No. 12610 | Tex. Crim. App. | Jun 5, 1929

Lead Opinion

CHRISTIAN, J.

The offense is cattle theft; the punishment, confinement in the penitentiary for two years.

The ■ issue of guilt was closely contested. The state relied largely upon the testimony of an accomplice. It was appellant's theory, supported by his testimony and that of other witnesses, that the accomplice had stolen a cow belonging to Edward McGriff and that thereafter he had sold the animal to appellant.

*1066 Over proper objection the district attorney was permitted to elicit from appellant the fact that he had paid a fine of $50 in the federal court for possessing a pint of whis-ky. Appellant’s counsel immediately moved the court to instruct the jury not to consider the answer of the witness. Later during the trial the motion was repeated. The court overruled both motions. After the testimony had been concluded, the court instructed the jury that they would not consider the evidence in question for any purpose. At the time appellant paid his fine in the federal court, the offense of possessing intoxicating liquor was not a felony. Moreover, it was not a misdemeanor involving moral turpitude. Carter v. State, 100 Tex. Cr. R. 95, 271 S. W. 629. Hence such evidence was not admissible to impeach appellant. Branch’s Annotated Penal Code, § 169. The question is: Did the court’s action in withdrawing the testimony from the jury cure the error? It is the rule that if the illegal testimony admitted over the objection of the accused was of a material character and was calculated to influence or affect the jury adversely to the accused, its withdrawal will not cure the error in admitting it. Branch’s Annotated Penal Code, § 383. Admitting proof of other offenses committed by the accused is not cured by withdrawing the illegal testimony. Branch’s Annotated Penal Code, supra. As stated before, the issue of guilt was closely contested. The illegal testimony was of a material character, and in our opinion was calculated to influence the jury to return a verdict against appellant. Hence the error is reversible.

For the error discussed, the judgment is reversed and the cause remanded.

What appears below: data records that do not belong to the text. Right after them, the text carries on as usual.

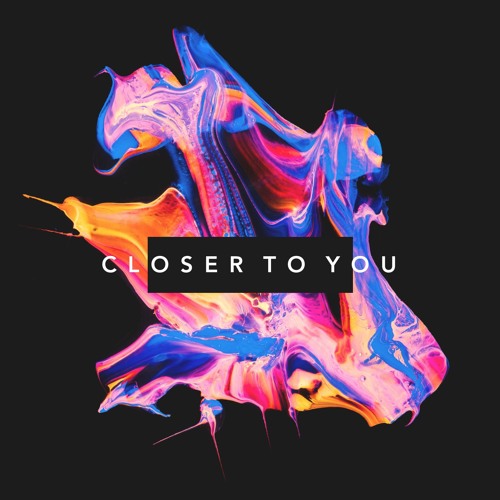 Closer To You (feat. JNNA)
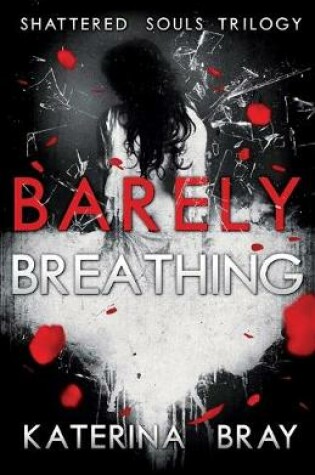 Cover of Barely Breathing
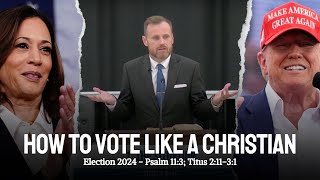 What Can the Righteous Do? - Election 2024 - Psalm 11:3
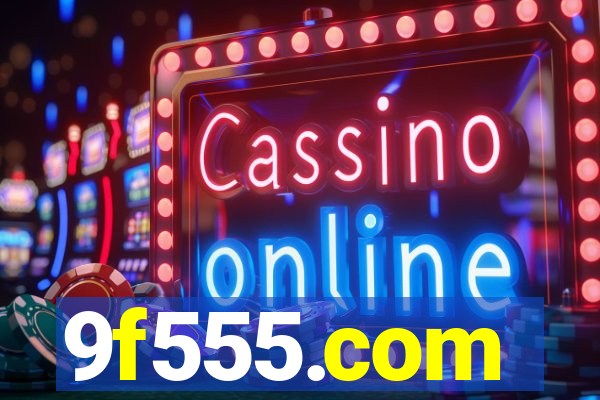 9f555.com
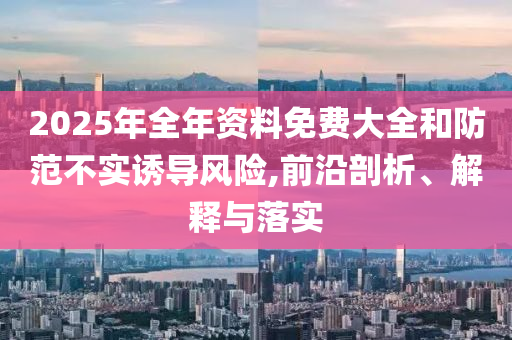 2025年全年资料免费大全和防范不实诱导风险,前沿剖析、解释与落实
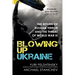 Blowing Up Ukraine: The Return of Russian Terror and the Threat of World War III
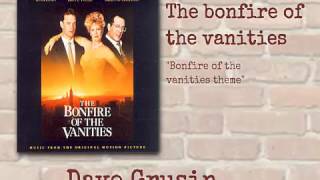 The Bonfire of the vanities - Bonfire of the vanities theme - Dave Grusin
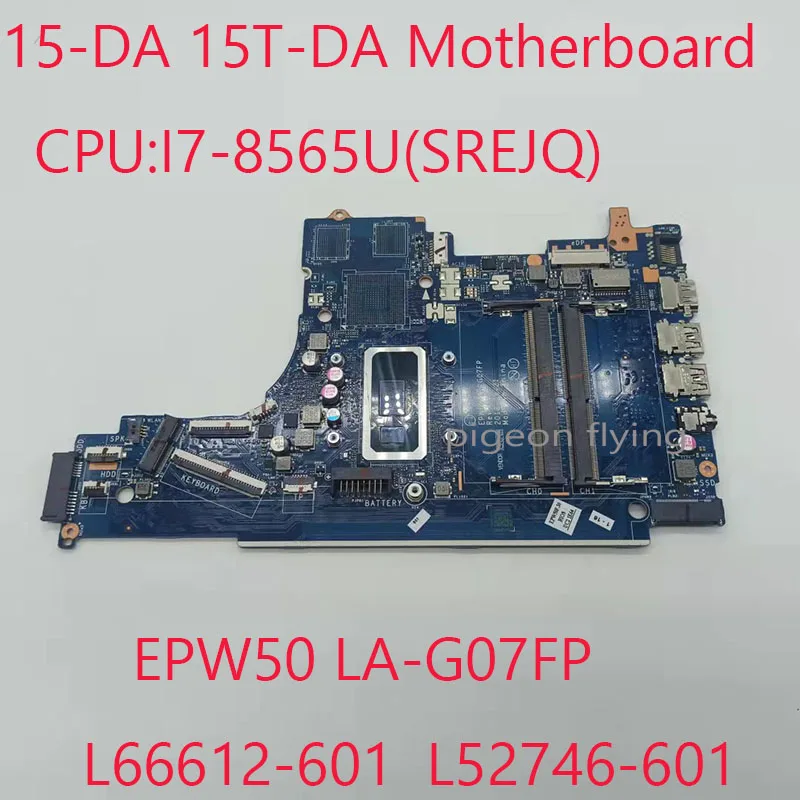 15-DA Motherboard EPW50 LA-G07FP For HP 15-DA Laptop L66612-601  L52746-601 15T-DA Motherboard 15T-DA Laptop i7 DDR4 100% test top motherboard for pc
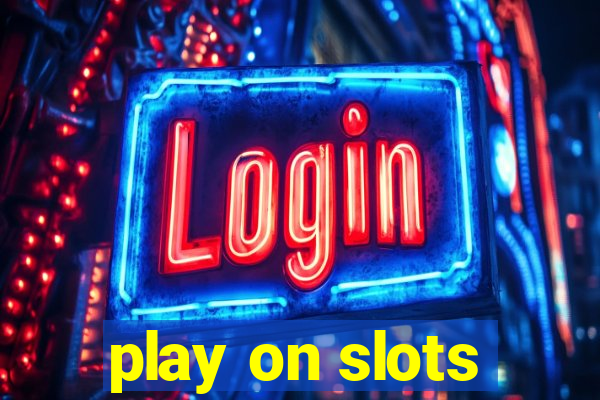 play on slots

PER CURIAM. The foregoing opinion of the Commission of Appeals has been examined by the judges of the Court of Criminal Appeals and approved by the court.






Rehearing

On Motion for Rehearing.

LATTIMORE, J.

Through some confusion in the terms of bill of exceptions No. 2, we were misled into believing that same showed an exception taken to the admission of testimony to the effect that appellant had been convicted in the federal court and given a fine of $50 for possessing intoxicating liquor, which would be but a misdemeanor not involving moral turpitude, and would therefore be inadmissible for the purpose of affecting the reputation of the accused as a witness. Said bill of exceptions in fact shows that same was taken to the fact that the court did not immediately grant a motion made by the attorney for appellant to strike said testimony from the record. The bill shows that the court did keep the matter under advisement for a time, but that at the conclusion of the testimony some few hours after the motion to exclude was made, thq court did then instruct the jury not to consider said testimony. We are not inclined to believe that the action of the court in this regard was erroneous, at least to such an extent as to call for a reversal.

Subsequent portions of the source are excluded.